In my book Waiting for America: A Story of Emigration, mainly set in Italy in 1987, a 20-year-old exile from Moscow discovers stories and novels by émigré authors. Back then, the black sand of a seedy Tyrrhenian public beach in the town of Ladispoli was my open-air reading room, and I read Russian-American translinguals as I contemplated living in the New World. Five months later, on a wet November afternoon, I walked across the campus of Brown University and knocked on the office door of the writer John (Jack) Hawkes. Hawkes was a legendary American postmodernist, the most famous writer on the Brown faculty, and I desperately wanted to take his fiction writing seminar.
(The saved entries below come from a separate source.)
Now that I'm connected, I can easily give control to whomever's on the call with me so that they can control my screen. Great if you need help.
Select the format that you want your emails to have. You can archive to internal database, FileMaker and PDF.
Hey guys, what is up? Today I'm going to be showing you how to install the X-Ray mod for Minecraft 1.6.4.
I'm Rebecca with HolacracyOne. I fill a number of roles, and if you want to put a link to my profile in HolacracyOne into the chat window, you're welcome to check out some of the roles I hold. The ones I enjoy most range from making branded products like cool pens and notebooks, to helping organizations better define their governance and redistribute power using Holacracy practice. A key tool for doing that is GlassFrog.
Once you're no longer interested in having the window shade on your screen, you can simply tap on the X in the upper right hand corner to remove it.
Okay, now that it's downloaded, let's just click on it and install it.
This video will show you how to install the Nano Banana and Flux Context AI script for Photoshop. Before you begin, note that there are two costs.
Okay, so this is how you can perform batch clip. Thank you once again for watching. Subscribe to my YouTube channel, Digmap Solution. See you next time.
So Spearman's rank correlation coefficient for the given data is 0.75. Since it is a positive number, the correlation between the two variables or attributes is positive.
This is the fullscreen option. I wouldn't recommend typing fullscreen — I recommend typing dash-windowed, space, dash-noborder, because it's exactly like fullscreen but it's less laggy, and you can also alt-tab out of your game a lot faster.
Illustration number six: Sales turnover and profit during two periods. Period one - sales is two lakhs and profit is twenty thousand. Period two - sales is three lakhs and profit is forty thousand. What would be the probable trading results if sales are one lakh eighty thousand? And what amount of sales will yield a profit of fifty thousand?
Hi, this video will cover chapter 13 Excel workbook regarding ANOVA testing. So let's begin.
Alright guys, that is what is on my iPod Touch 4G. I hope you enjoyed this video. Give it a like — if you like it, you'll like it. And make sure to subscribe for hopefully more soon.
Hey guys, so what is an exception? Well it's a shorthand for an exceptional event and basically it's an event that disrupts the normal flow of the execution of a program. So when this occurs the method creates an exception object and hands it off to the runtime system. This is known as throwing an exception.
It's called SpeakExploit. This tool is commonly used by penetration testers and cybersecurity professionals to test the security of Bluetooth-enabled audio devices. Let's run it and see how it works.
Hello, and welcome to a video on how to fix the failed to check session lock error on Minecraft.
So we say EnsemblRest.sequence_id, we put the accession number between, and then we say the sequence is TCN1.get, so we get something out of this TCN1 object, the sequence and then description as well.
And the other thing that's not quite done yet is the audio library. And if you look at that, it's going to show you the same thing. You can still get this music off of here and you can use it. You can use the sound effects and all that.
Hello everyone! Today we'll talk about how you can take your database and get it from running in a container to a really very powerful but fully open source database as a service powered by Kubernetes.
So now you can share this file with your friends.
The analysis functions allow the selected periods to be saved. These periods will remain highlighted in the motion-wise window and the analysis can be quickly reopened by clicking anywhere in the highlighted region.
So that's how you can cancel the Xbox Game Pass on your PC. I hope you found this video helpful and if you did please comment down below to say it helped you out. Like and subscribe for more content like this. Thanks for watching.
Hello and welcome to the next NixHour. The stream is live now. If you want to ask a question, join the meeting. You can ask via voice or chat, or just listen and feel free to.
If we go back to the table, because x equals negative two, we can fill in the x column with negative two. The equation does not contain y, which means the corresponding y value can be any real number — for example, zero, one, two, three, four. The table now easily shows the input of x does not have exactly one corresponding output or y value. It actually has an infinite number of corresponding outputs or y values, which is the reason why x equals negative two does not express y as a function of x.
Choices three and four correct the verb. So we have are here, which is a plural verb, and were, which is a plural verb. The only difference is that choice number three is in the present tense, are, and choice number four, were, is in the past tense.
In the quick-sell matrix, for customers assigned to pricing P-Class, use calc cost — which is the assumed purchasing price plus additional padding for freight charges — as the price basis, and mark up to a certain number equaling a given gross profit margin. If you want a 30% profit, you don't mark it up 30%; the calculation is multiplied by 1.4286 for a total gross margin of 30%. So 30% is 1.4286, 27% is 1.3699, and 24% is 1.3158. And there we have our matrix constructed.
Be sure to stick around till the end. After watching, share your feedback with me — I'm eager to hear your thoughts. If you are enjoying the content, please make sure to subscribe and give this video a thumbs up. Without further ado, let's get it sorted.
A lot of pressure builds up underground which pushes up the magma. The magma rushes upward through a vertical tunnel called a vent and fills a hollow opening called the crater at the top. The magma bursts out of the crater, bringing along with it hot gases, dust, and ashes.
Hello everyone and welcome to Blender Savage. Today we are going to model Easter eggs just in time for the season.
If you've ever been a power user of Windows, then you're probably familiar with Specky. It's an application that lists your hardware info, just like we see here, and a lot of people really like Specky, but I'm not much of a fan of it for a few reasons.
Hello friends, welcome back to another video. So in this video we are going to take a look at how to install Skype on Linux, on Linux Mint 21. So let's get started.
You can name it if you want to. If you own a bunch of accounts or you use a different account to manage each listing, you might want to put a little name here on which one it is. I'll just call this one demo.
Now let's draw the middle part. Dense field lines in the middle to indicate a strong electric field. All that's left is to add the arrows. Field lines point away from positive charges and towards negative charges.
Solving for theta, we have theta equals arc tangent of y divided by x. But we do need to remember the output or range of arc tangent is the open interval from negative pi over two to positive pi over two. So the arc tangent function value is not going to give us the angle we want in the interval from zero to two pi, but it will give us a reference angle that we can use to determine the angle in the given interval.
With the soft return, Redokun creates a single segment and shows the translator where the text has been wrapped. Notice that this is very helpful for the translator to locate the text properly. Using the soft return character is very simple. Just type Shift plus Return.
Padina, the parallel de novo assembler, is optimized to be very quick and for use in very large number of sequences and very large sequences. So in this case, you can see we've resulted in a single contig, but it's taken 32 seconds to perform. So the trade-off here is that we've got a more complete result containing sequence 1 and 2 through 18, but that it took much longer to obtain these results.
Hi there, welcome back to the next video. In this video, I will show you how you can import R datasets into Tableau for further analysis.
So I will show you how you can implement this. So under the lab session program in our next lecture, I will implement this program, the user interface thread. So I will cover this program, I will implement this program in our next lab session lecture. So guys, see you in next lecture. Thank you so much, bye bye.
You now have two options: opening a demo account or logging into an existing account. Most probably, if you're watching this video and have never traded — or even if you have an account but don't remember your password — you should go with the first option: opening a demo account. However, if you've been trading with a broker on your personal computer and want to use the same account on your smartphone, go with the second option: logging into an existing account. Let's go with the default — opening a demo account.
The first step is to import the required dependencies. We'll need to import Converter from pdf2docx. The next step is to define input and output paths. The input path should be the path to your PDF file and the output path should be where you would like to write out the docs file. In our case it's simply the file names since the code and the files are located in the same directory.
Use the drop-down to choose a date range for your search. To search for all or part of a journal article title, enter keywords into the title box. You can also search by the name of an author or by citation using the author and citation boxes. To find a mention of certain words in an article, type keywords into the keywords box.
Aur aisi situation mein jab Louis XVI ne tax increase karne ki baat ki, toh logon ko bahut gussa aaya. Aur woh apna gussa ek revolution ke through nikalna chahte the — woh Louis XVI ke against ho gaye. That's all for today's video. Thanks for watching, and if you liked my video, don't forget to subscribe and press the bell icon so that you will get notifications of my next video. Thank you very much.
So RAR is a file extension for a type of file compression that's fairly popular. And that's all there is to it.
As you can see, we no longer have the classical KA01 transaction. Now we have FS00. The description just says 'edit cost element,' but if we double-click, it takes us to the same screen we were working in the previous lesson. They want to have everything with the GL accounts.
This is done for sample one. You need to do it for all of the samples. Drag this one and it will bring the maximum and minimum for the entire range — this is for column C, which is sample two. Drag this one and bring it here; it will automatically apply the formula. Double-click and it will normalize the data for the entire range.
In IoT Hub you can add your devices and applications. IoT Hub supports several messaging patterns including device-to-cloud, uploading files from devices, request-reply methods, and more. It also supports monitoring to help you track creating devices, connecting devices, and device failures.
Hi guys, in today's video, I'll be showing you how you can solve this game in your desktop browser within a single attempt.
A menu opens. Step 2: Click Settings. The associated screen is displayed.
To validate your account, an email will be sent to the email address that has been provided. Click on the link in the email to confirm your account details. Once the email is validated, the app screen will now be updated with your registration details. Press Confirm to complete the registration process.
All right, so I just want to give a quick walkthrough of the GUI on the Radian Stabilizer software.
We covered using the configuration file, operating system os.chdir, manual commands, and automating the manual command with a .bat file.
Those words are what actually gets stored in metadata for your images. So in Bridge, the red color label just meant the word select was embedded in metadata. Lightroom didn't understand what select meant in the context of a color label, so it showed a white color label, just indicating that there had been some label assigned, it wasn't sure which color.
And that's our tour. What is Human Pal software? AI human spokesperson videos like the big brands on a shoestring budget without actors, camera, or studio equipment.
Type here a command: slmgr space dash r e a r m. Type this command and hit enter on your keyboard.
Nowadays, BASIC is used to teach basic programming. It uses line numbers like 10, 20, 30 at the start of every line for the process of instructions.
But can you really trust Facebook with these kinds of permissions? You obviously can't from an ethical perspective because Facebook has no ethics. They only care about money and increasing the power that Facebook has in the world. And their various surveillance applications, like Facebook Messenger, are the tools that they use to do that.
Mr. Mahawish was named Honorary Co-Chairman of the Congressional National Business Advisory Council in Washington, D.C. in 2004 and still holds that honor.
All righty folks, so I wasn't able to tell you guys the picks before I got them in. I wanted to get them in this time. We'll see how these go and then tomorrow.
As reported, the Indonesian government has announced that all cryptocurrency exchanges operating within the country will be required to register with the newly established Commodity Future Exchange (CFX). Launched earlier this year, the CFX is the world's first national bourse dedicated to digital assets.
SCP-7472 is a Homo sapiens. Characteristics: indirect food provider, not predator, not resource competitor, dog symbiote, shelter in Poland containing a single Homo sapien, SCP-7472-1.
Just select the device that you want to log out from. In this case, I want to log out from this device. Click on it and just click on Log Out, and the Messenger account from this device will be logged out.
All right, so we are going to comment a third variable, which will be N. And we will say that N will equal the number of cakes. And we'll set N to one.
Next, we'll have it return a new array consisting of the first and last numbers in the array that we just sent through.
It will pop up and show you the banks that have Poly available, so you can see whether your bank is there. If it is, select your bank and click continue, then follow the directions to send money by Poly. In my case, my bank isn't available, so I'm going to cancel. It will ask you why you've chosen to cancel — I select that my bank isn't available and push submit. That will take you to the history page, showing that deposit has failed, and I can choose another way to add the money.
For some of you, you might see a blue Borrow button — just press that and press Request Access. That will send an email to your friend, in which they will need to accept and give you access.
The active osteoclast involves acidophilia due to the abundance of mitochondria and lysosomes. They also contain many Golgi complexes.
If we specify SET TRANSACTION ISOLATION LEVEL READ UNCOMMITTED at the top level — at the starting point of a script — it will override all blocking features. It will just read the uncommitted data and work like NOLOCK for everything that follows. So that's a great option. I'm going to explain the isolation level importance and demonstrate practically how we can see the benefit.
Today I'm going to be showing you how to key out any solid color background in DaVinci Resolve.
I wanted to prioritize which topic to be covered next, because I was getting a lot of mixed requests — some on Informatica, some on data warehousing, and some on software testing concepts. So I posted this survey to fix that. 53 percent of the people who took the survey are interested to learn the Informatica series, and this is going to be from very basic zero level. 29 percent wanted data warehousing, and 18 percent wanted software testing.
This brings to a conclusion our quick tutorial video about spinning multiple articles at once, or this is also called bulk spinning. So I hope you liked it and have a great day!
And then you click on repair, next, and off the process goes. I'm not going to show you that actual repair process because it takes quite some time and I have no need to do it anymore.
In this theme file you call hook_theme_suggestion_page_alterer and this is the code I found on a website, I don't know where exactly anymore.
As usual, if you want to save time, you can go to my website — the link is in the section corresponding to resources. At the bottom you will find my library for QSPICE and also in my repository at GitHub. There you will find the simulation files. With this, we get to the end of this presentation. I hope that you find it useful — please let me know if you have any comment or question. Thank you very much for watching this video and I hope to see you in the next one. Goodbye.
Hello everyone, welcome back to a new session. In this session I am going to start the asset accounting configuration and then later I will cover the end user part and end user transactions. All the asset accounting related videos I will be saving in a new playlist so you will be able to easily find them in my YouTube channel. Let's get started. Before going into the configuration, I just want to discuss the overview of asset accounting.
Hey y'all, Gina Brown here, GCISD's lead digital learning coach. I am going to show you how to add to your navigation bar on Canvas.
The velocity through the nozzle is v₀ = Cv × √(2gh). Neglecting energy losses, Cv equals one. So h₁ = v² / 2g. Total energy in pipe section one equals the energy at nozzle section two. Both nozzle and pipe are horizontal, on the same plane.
Silver-haired, witty, verbally perverse, Hawkes listened to my rambling account of leaving Moscow, writing poetry and fiction in Russian, and coming to the US as a refugee. He waited, silently, lips twitching, then asked:
“Have you read Nabokov?”
Hawkes pronounced the second “o” in Nabokov’s name with an extra roundness, as if caressing the stressed Russian vowel.
“Nabokov?” I asked, in disbelief. “Yes, I have.”
“He’s remarkable,” said Hawkes, who was preparing to retire from Brown the following year. In 1965 his novel Second Skin competed with Nabokov’s The Defense and Bashevis Singer’s Short Friday for the National Book Award for Fiction. Saul Bellow’s Herzog ended up taking the prize.
Hawkes had no interest in refusenik politics and no ear for immigrant anxieties. Yet he let me into his last fiction seminar. In the spring of 1988, a translingual novice surrounded by aspiring Brown writers—all of them American-born—I tried my hand at composing in English. Almost thirty years later, I’m still discovering the pleasures of writing in tongues.
Maxim D. Shrayer is the author, most recently, of “Leaving Russia: A Jewish Story” (in English) and “Bunin and Nabokov. A History of Rivalry” (in Russian). He is Professor of Russian, English, and Jewish Studies at Boston College.